A piece of iron weighing 251.3 g was heated and reacted with oxygen. The mass of the product (iron (II) oxide) was 395.3 g.
1. How many moles of iron were used to produce the iron oxide?
a. 3.0 moles
b. 3.5 moles
c. 4.0 moles
d. 4.5 moles
e. 5.0 moles
2. How many moles of oxygen were used to produce the iron oxide?
a. 9.0 moles
b. 5.0 moles
c. 6.5 moles
d. 4.0 moles
e. 7.0 moles
The chemical reaction for this case:
`Fe + 1/2 O_2 -> FeO`
Molar mass of Fe = 55.85 gm/mole
Molar mass of oxygen = 32 gm/mole
Molar mass of Fe(II) oxide = 55.85+16 = 71.85 gm/mole
Initial mass of iron = 251.3 gm = 251.3/55.85 moles = 4.5 moles
Mass of the product (FeO) = 395.3 gm = 395.3/71.85 moles = 5.5 moles
1 mole of iron ~ 1 mole of Fe(II)oxide ~ 1/2 mole oxygen
Please check the question, there seems to be something wrong with the number.
Let me explain.
as per stoichiometry,
1 mole of iron will produce 1 mole of iron (II) oxide. However, if the numbers were true, in the present case 4.5 mole of iron is generating 5.5 mole of iron oxide.

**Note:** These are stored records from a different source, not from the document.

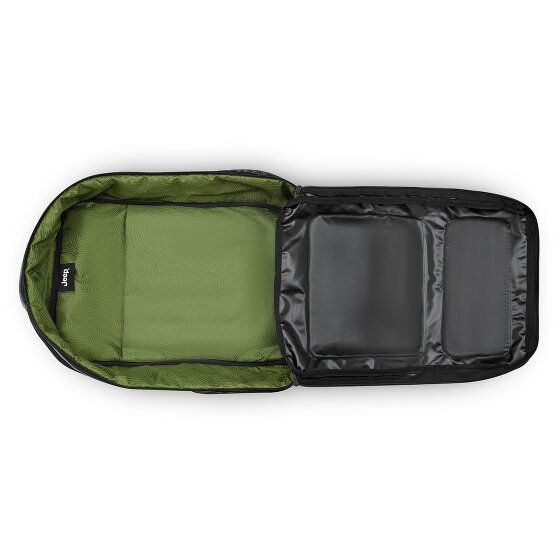 Jeep JS015B Daypack 46 cm Laptopfach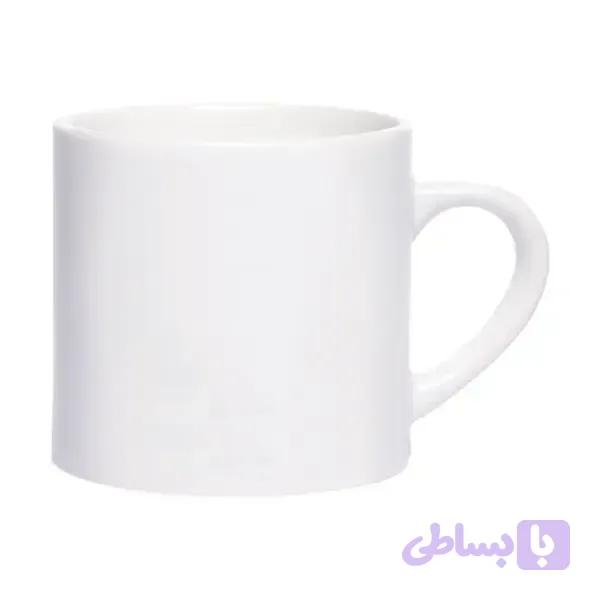 ماگ سرامیکی مدل Tj220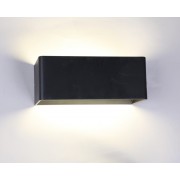 Επιτοίχιο φωτιστικό LED - Απλίκα - PH095 - 942409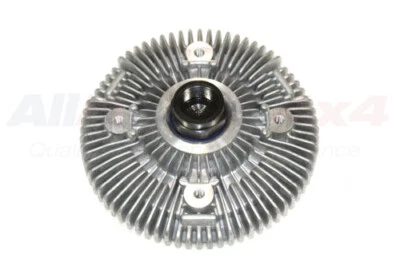 Viscous Fan Coupling 200Tdi for Land Rover Discovery 1 and Range Classic ETC7238 - Image 1 of 2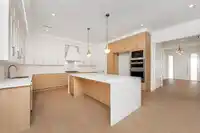 12759 107A AVENUE - thumbnail 4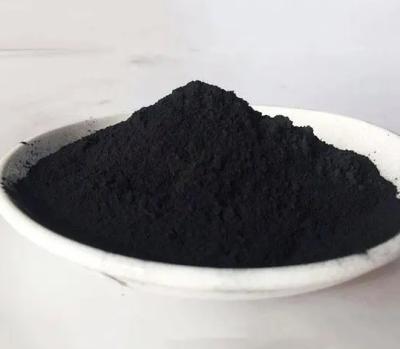 China Purificador de ar Negro de Carbono Ativado para farinha de madeira / compostos orgânicos voláteis à venda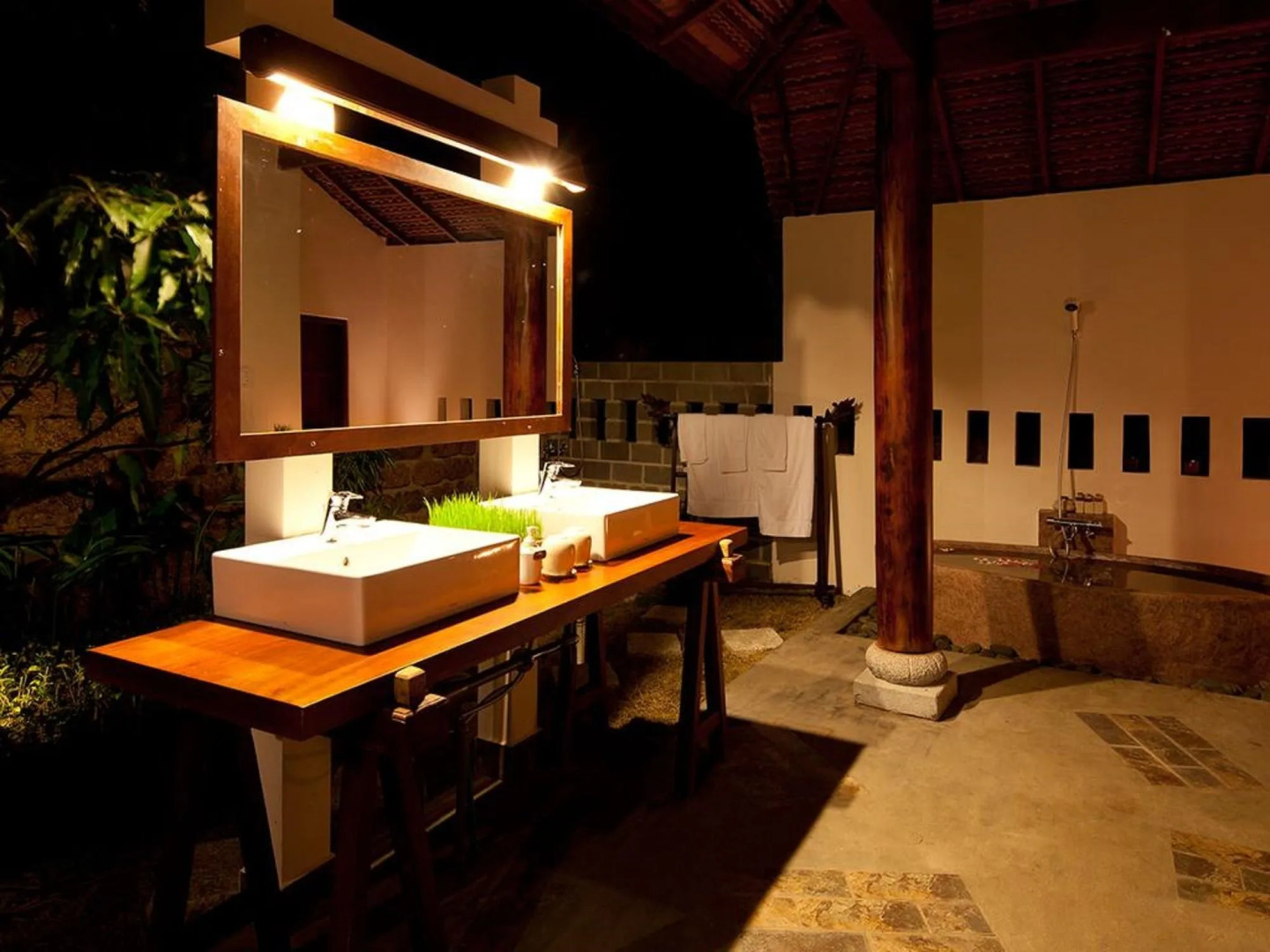 Ho Tram Beach Boutique Resort & Spa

Also, if we calculate the amount of oxygen consumed, we get different answers when we use reactant data and product data.
for ex., 1 mole iron uses 0.5 mole oxygen
so, 4.5 mole iron will use 4.5 x 0.5 = 2.25 moles oxygen.

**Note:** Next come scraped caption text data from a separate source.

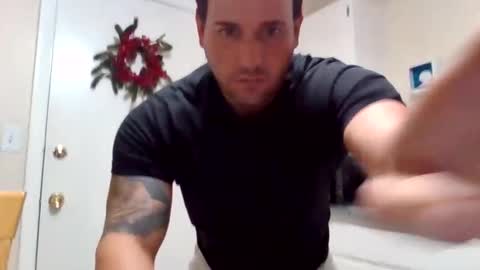 The Italian Boss  online show from December 28, 2024, 10:25 am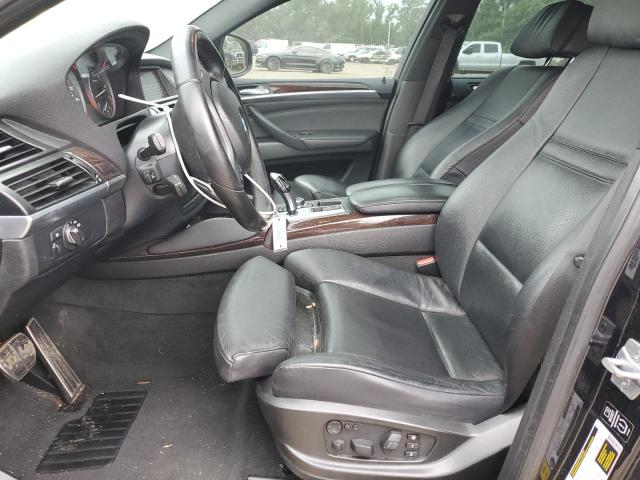 5UXFG2C56E0H11199 BMW X6 Xdrive35i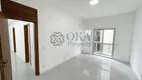 Foto 17 de Apartamento com 4 Quartos à venda, 185m² em Copacabana, Rio de Janeiro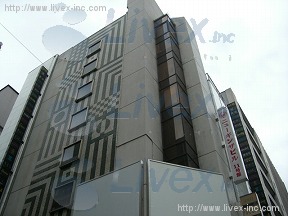 ゴールデン第2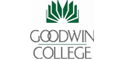 Goodwin College logo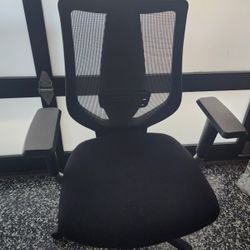 Computer/ Office Chair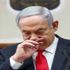 İsrail Başbakanı Netanyahu, karantinada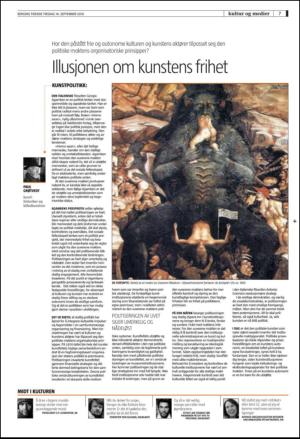 bergenstidende_del2-20100914_000_00_00_007.pdf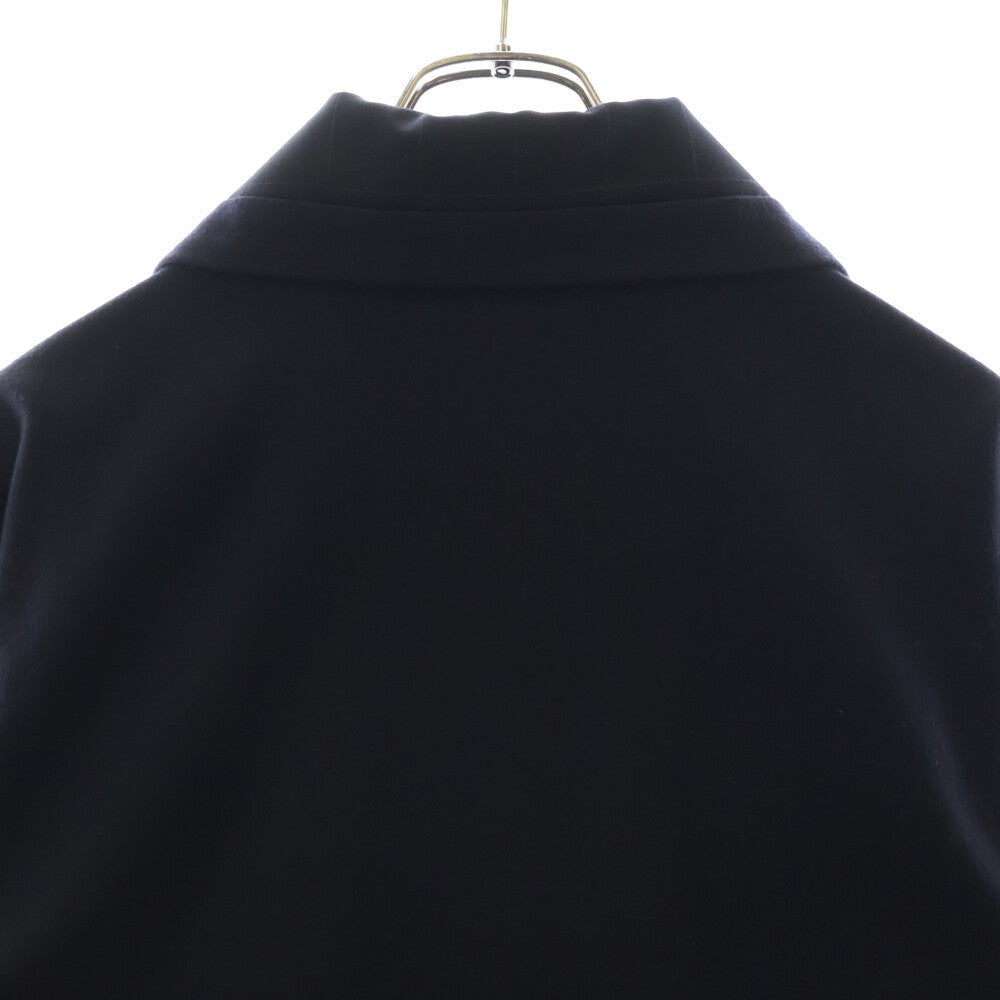 RAF SIMONS(ラフシモンズ) 01AW RIOT RIOT RIOT期 Archive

and 1 mole of product is generated by 0.5 mole oxygen
so, 5.5 mole of product should be generated from 5.5 x 0.5 = 2.75 moles oxygen.
Interestingly, none of these are the available answer options.

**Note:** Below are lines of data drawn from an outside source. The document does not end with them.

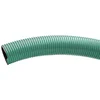 Spiralna sesalna in tlačna cev PVC fi 71,2 x 60 mm, sesalna cev za škropilnico x 1 m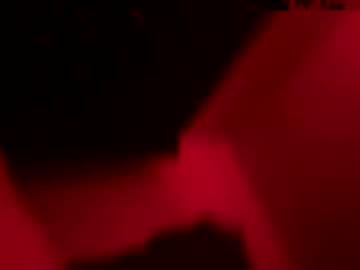 Bumpyj529 Chaturbate profile image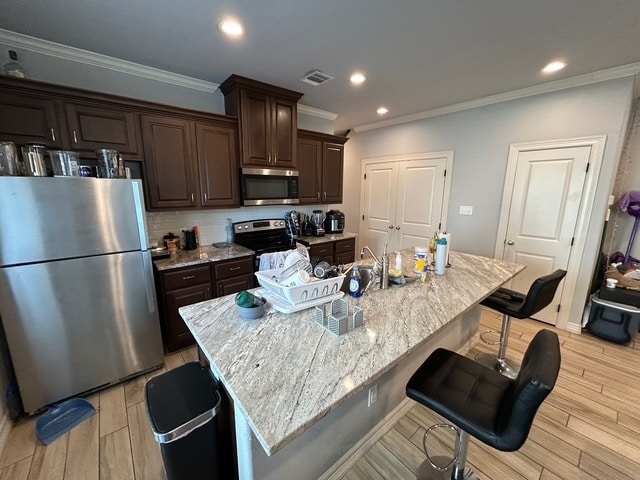 Photo - 4207 College Main St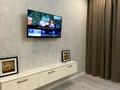 2-комнатная квартира · 68 м² · 7/10 этаж, мкр Юго-Восток, Микрорайон Байкена Ашимова 21 за 310 000 ₸ в Караганде, Казыбек би р-н — фото 35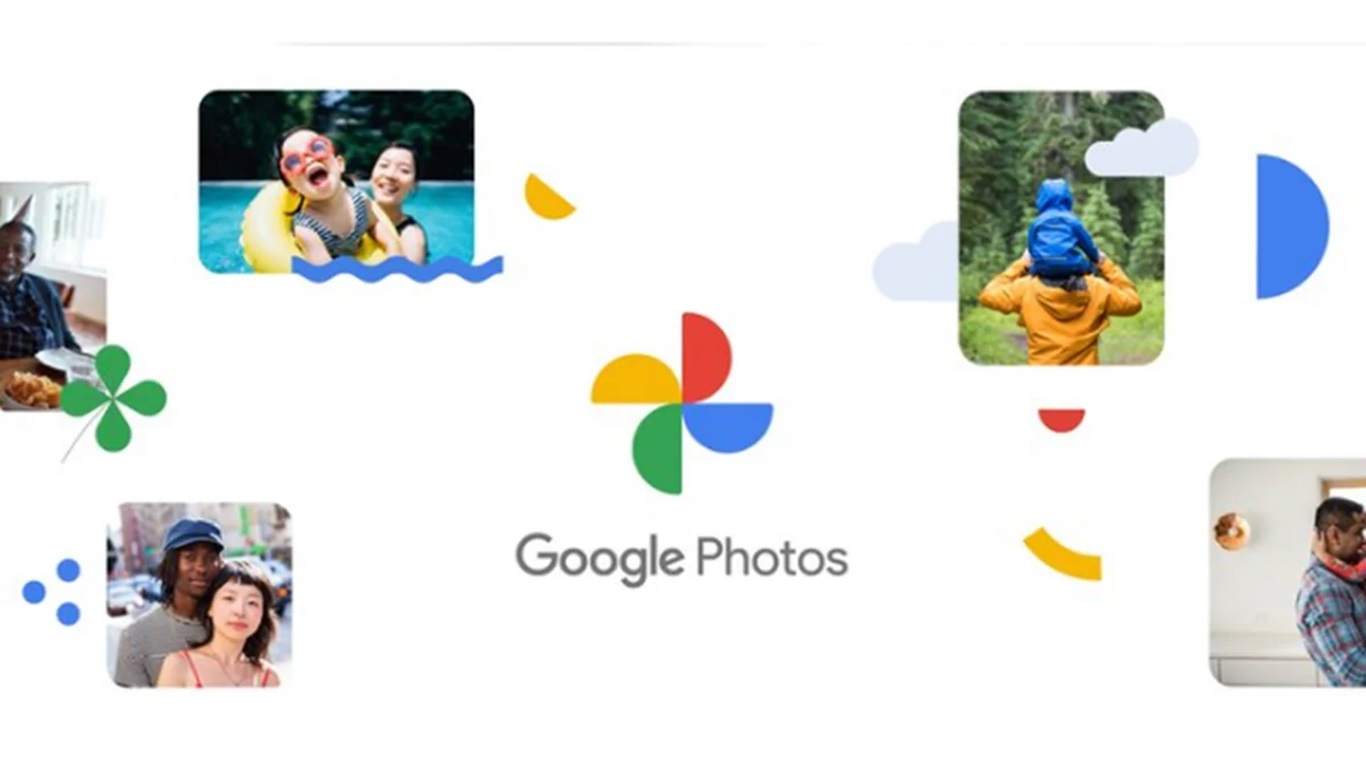 Descubra 5 truques do Google Fotos para melhorar suas imagens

Using 4.5 moles iron, we can generate only 4.5 moles of iron oxide and in the process will consume 2.25 moles of oxygen.
Please check the question.
The balanced reaction is :-
Fe(s) + (1/2)O2(g) ---------> FeO(s)
Molar mass of Fe = 56 g/mole
Molar mass of O2 = 32 g/mole
Molar mass of FeO = 72 g/mole
Now, moles of Fe present in 251.3 g of it = mass/molar mass = 251.3/56 = 4.4875
moles of FeO present in 395.3 g of it = mass/molar mass = 395.3/72 = 5.49
Now, As per the balanced reaction,
1 mole of Fe on complete reaction with excess O2(or 0.5 moles of O2) produces 1 mole of FeO
But as per the question given, the moles of Fe present is lesser than the moles of FeO produced.
So, please re-check the question and make the necessary changes.